EXERCISE DATA:

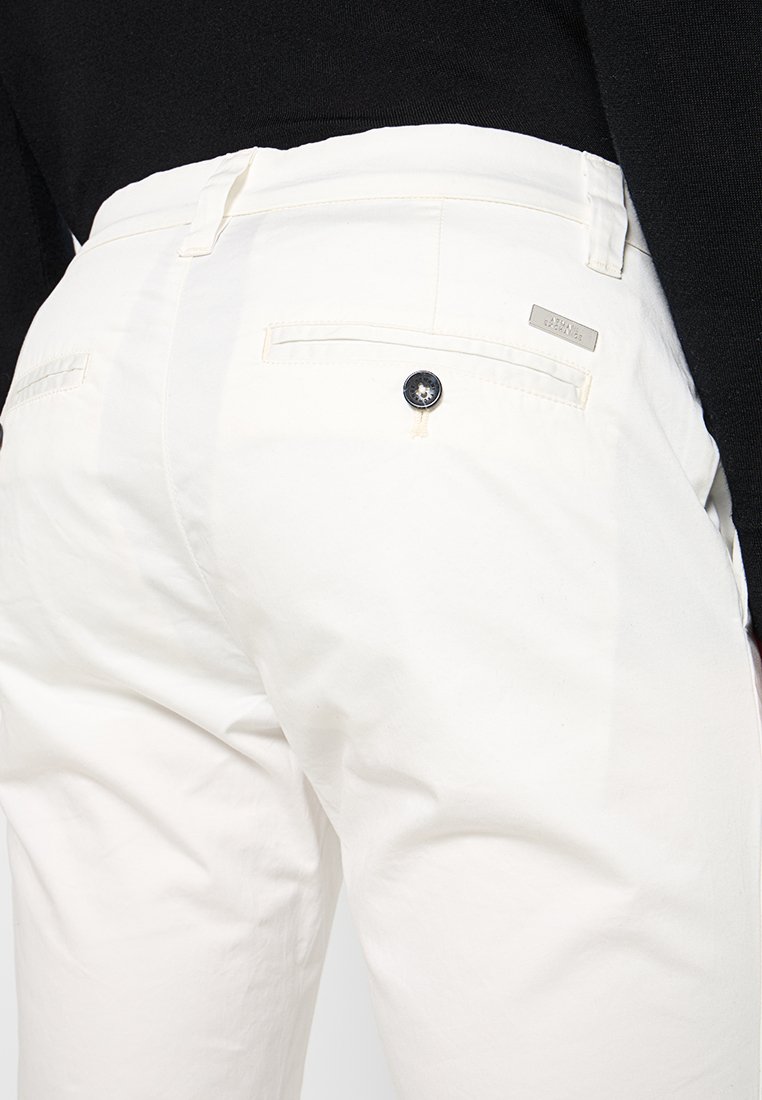 Pantaloni in cotone bianchi con una texture liscia, dotati di due tasche posteriori e chiusure con bottoni neri. Dettaglio di branding discreto vicino alla vita.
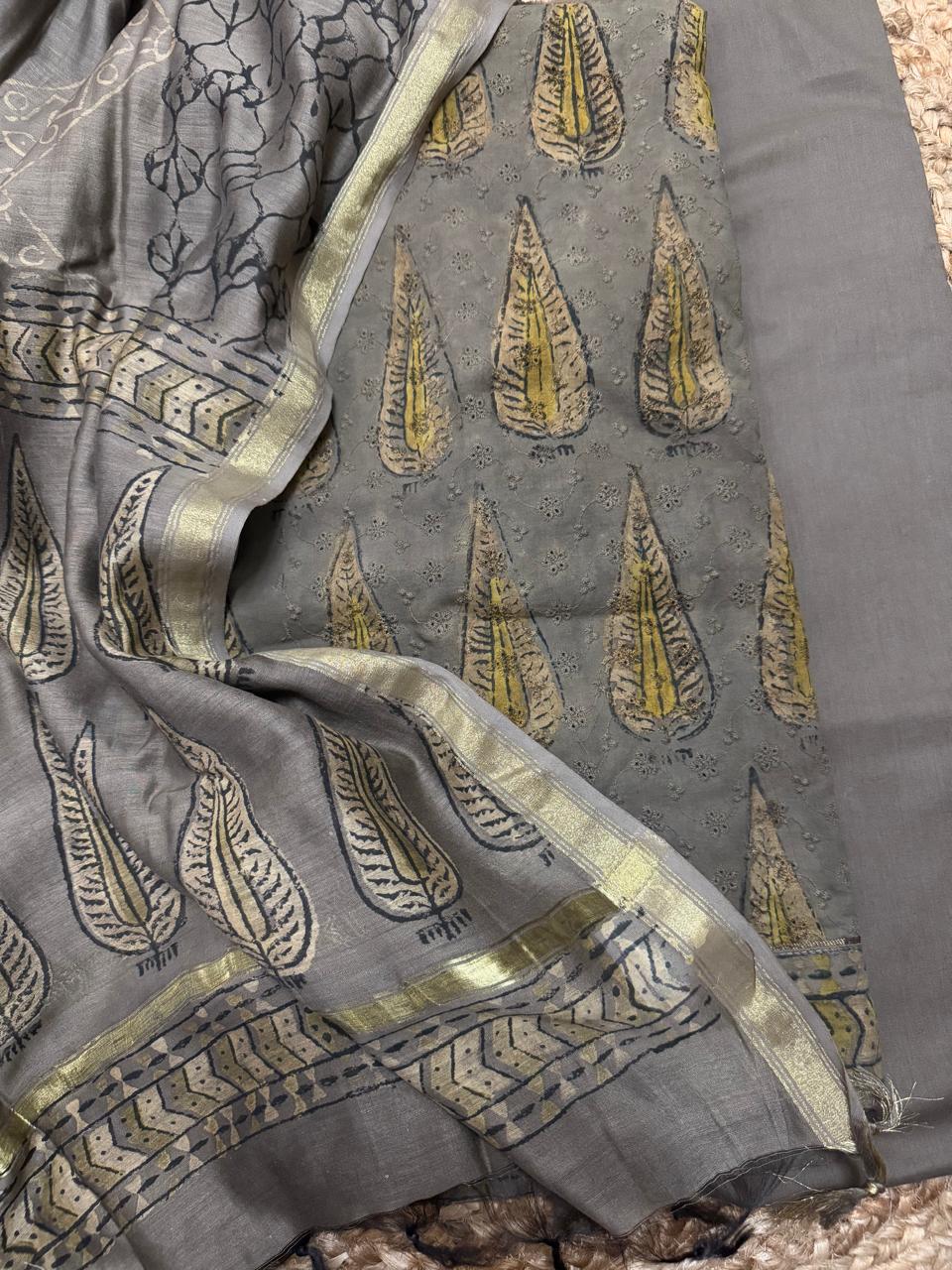 Overhead flat lay of grey Ajrakh cotton hakoba kurta set showing Ajrakh leaf block print fabric, hakoba embroidery panel, and Chanderi silk dupatta with zari border
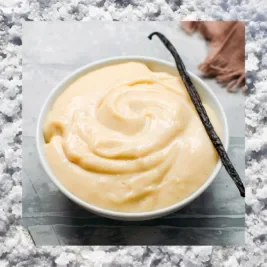 A bowl of creamy vanilla custard with a border of salt.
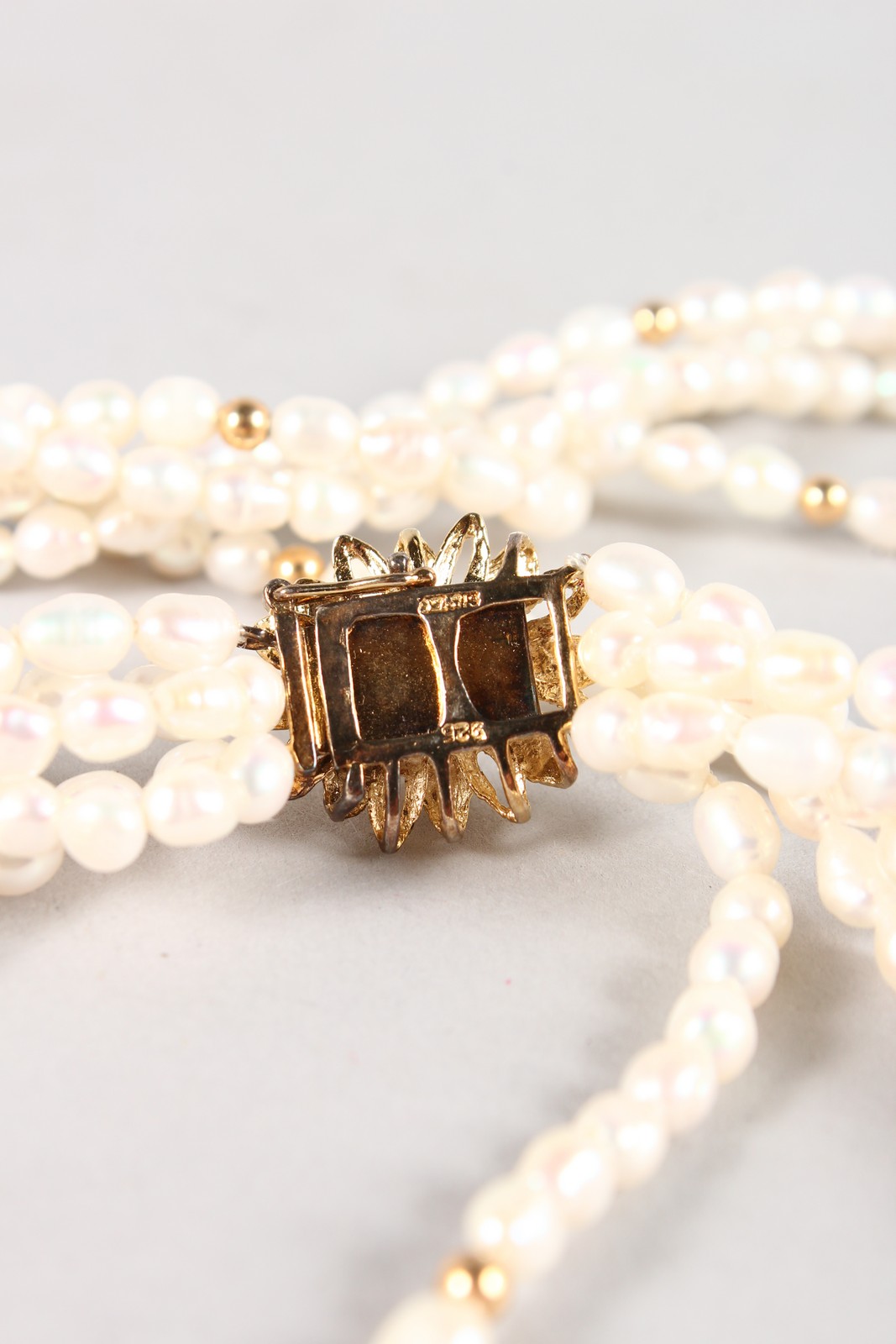 A THREE STRAND PEARL NECKLACE with silver clasp. - Image 3 of 4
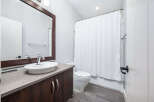 This modern bathroom features a sleek vanity with a stylish vessel sink and a large mirror.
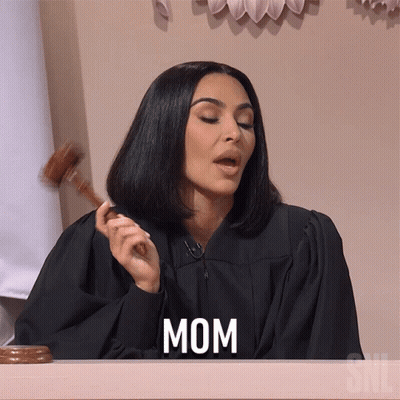 A Woman In A Judge 'S Robe Is Holding A Gavel And The Word Mom Is On The Screen GIF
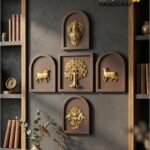 panch tatva 1 - thebrasshandicrafts.com Decorative wall display of gold bas-relief panels in brown frames on a gray wall, flanked by wooden shelves with books and pottery. thebrasshandicrafts.com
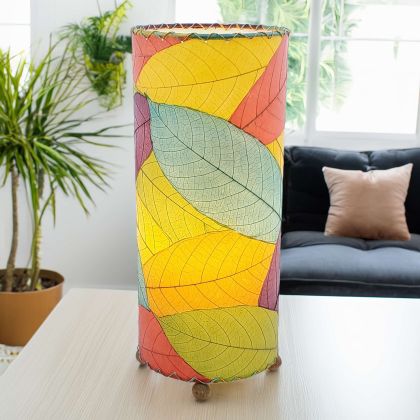 Slim cylinder table lamp crafted by Eangee Home Design in multi color fossilized cocoa leaves, each panel hand?laminated and stitched; minimalist form offers textural leaf detail while radiant light glows through organic leaf texture; artisan?made from sustainable materials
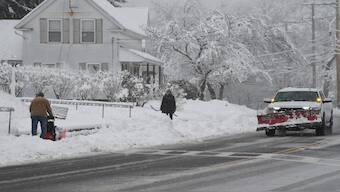 People use shovels and snow blowers to clear snow during the first winter storm of 2024 which is expected to bring heavy snowfall across the northeast United States, in Grafton, Massachusetts, US. Reuters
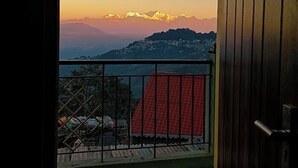 Ein Balkon mit Blick auf ein Bergmassiv bei Sonnenuntergang.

WORK INSTRUCTIONS: Starting at the line with "A bowl of creamy" in the entries above, write out every line exactly until the line with "A Woman In A" has been written. Include no pictures and nothing more.

THE COMPLETED TASK:
 A bowl of creamy vanilla custard with a border of salt.
 A THREE STRAND PEARL NECKLACE with silver clasp. - Image 3 of 4
 This modern bathroom features a sleek vanity with a stylish vessel sink and a large mirror.
 A Woman In A Judge 'S Robe Is Holding A Gavel And The Word Mom Is On The Screen GIF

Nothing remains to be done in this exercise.